# BERTopic Exploration of the Stimmmungs- und Lageberichte Database Files
**Author:** Christopher Thomas Goodwin

**Creation Date:** 2024.04.10

**Summary:** Uses BERTopic modelling to explore the data of the NSHWE Stimmungs- und Lageberichte files

In [None]:
import platform
from bertopic import BERTopic
import json
import pandas as pd
from sklearn.feature_extraction.text import CountVectorizer
from sklearn.feature_extraction.text import TfidfVectorizer
import torch

# Get stop words
import nltk
from nltk.corpus import stopwords
nltk.download('stopwords')

# Check if GPU acceleration is available and call appropriate libraries
import GPUtil

if len(GPUtil.getAvailable()) > 0:
    from cuml.cluster import HDBSCAN
    #from cuml.manifold import UMAP # GPU-based version of UMAP
    from umap import UMAP # use CPU-based version of UMAP which is better for noisy or duplicate data
    print("GPU engaged.")

    print(f"CUDA available: {torch.cuda.is_available()}")
    print(f"Current GPU device index: {torch.cuda.current_device()}")
    print(f"Current GPU device name: {torch.cuda.get_device_name(torch.cuda.current_device())}")
    print(f"Pytorch Cuda version: {torch.version.cuda}")
else:
    from umap import UMAP
    from hdbscan import HDBSCAN
    print("No GPU engaged.")

In [None]:
# Check which platform user is on and set the data path accordingly
print(f"The Operating System is {platform.system()}")

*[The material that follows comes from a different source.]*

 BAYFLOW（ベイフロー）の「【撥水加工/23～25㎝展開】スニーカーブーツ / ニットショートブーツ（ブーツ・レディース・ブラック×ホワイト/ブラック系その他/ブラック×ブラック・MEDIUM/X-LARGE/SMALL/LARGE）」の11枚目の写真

if platform.system() == "Linux":
    path = "/home/cgoodwin/Documents/Programming/TextMiningNaziIdeology/data/json/stimmungs_data_sentences.json"
elif platform.system() == "Darwin":
    path = "/Users/cgoodwin/Programming Projects/TextMiningNaziIdeology/data/json/stimmungs_data_sentences.json"
else:
    path = "C:\\Users\\Christopher Goodwin\\Documents\\Programming Projects\\TextMiningNaziIdeology\\data\\json\\stimmungs_data_sentences.json"
    
with open(path, "r", encoding="utf-8") as f:
    files = json.load(f)
    # files loaded in as dictionary with strings of 0... length of files
    
    # we want just the textual data, the report from each entry
    reports = []
    for i in range(len(files)):
        reports.append(files[str(i)]["report"]) # iterate through dictionary and append report

print("File loaded.")

In [None]:
# set up vectorizer for German stopwords
german_stop_words = stopwords.words('german')
additional_stop_words = ["volk", "volksgemeinschaft", "1939", "1940", "1941", "1942", "1943", "1944", "1945", "deutsch", "bevölkerung", "ii", "iii", "iv", "v", "vi", "einzelmeldungen", "volksgenossen", "sei", "seien", "worden", "meldungen", "deutsche", "deutschen", "wegen", "wurde", "gif", "pro", "kg", "minusbox", "images", "rm"]

for i in range(0, 1946):
    additional_stop_words.append(str(i))

german_stop_words.extend(additional_stop_words)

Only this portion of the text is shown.